WORK TASK:
From the line that contains "Schneider electric GLOSSA" down to the final line of the listing below, set down every line exactly, both ends included, and drop the pictures.

RECORD EXCERPTS:
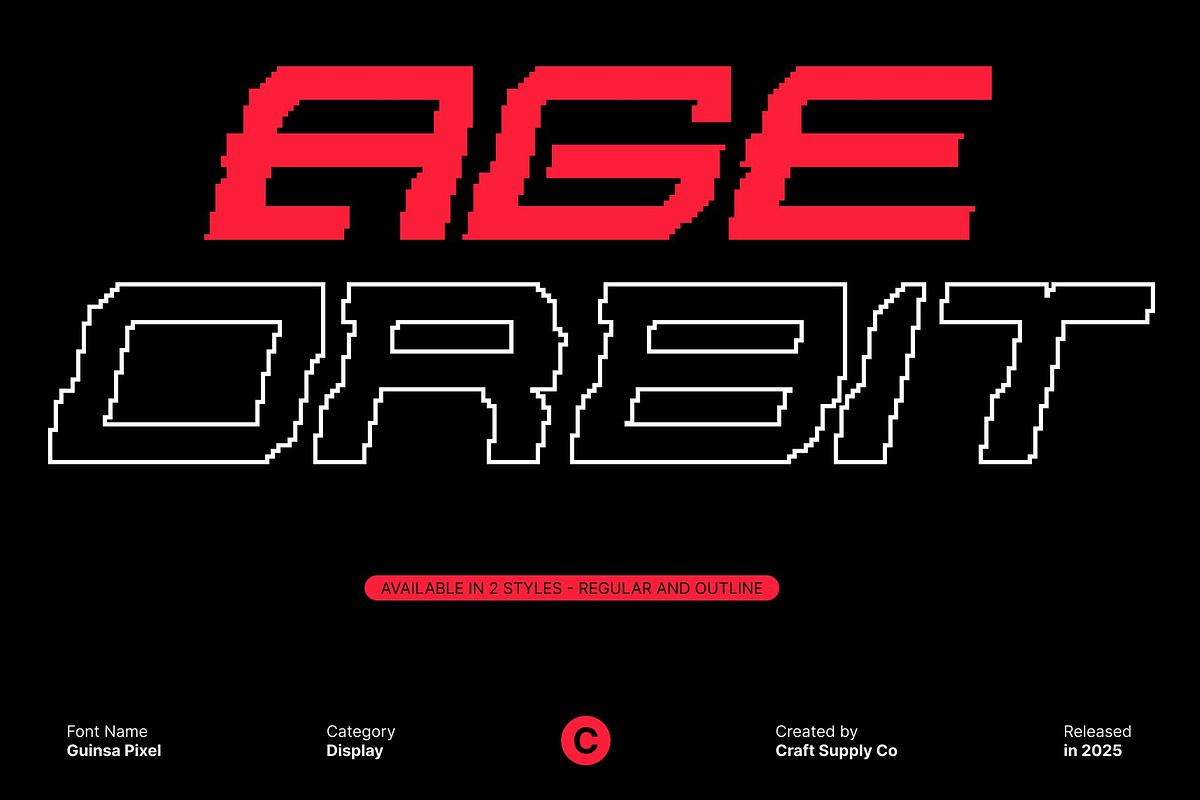 Guinsa Pixel, a Sans Serif Font by Craft Supply Co. (Photo 2 of 8)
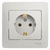 Schneider electric GLOSSA РОЗЕТКА с заземлением, 16А, в сборе, ПЕРЛАМУТРОВЫЙ GSL000642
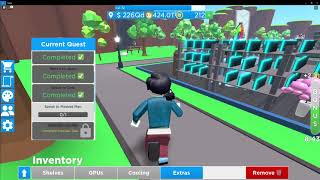 Completing Quest 7 for level 65 Electricitys Gone  Dogecoin Mining Tycoon Roblox [upl. by Ruthi447]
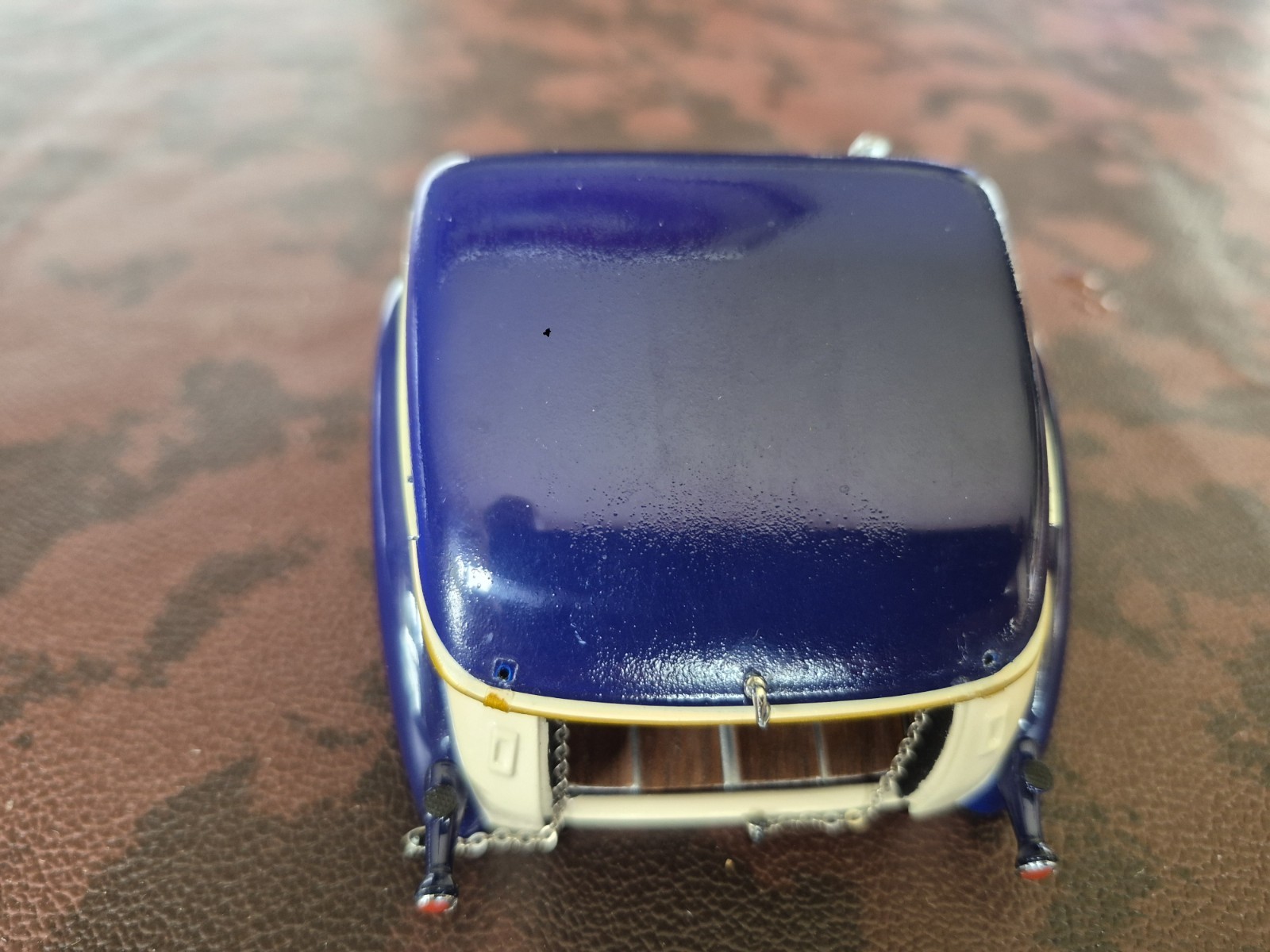 Franklin Mint 1933 Ford Tudor Police Car with Trailer & Paperwork Read Descrip.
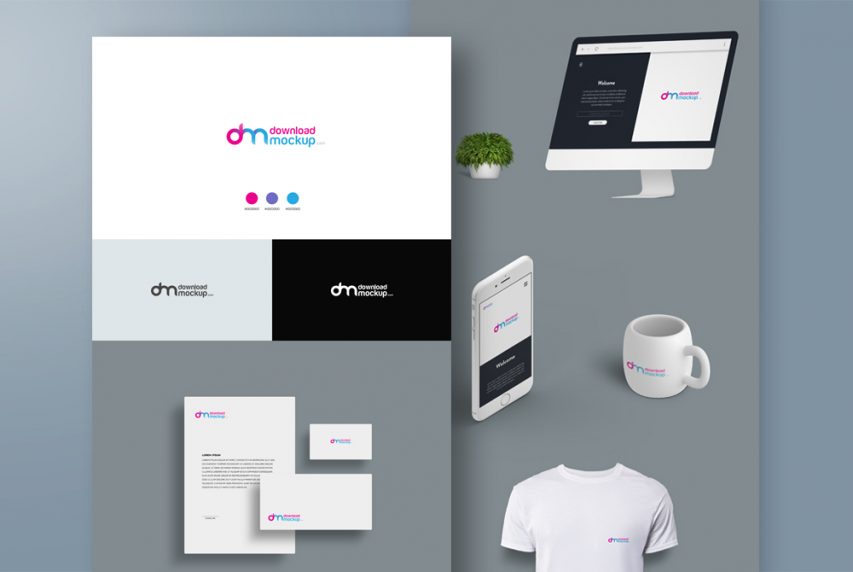 Logo Presentation Mockup Template Download Mockup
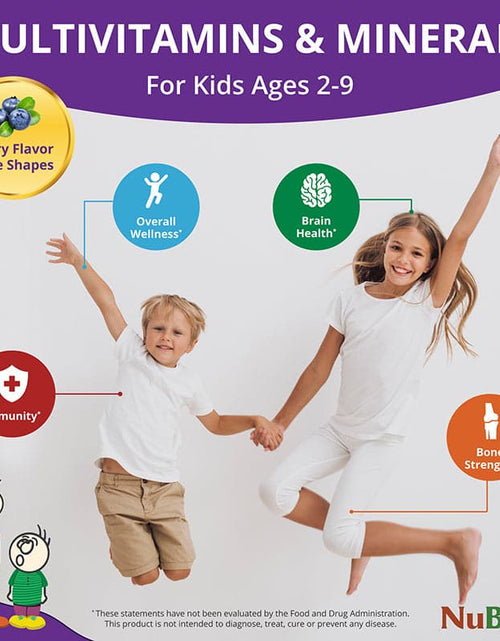 Load image into Gallery viewer, NuBest Tall Kids, Multivitamins, Berry Flavor, Ages 2-9, 90 Chewables by NuBest Nutrition®
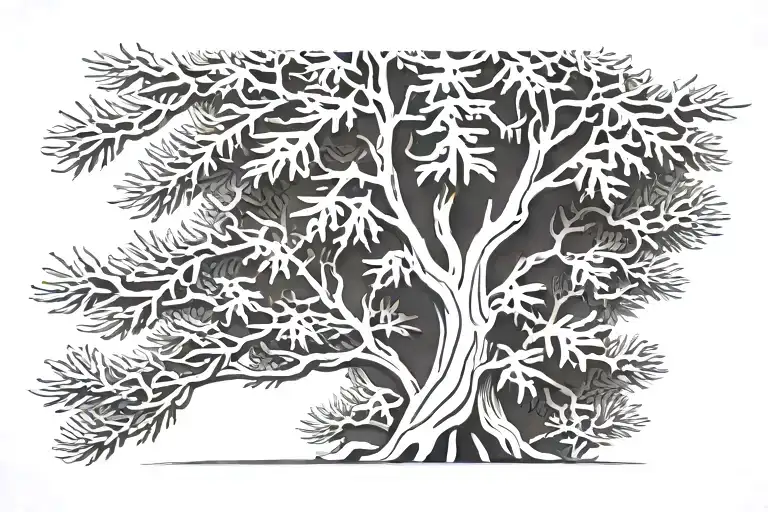 Background Withe Pine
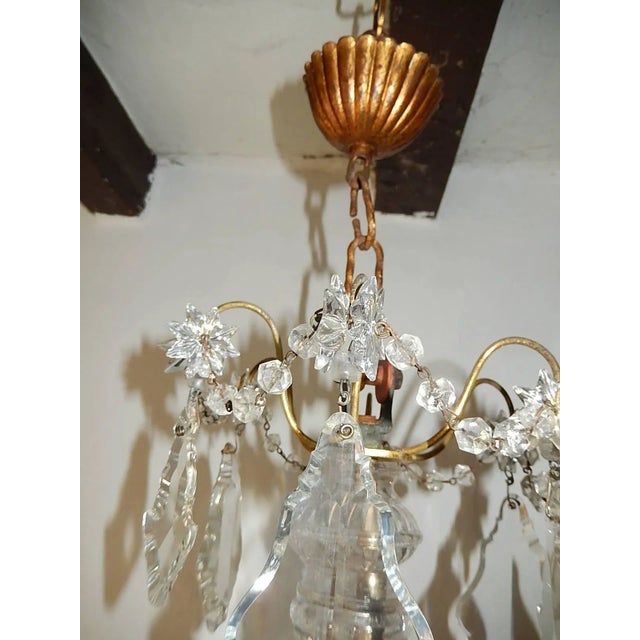 French Crystal Baccarat Style Grape Cluster Chandelier For Sale - Image 9 of 11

RESULT FOR THIS EXERCISE:
 Schneider electric GLOSSA РОЗЕТКА с заземлением, 16А, в сборе, ПЕРЛАМУТРОВЫЙ GSL000642
 Completing Quest 7 for level 65 Electricitys Gone  Dogecoin Mining Tycoon Roblox [upl. by Ruthi447]
 Franklin Mint 1933 Ford Tudor Police Car with Trailer & Paperwork Read Descrip.
 Logo Presentation Mockup Template Download Mockup
 Load image into Gallery viewer, NuBest Tall Kids, Multivitamins, Berry Flavor, Ages 2-9, 90 Chewables by NuBest Nutrition®
 Background Withe Pine
 French Crystal Baccarat Style Grape Cluster Chandelier For Sale - Image 9 of 11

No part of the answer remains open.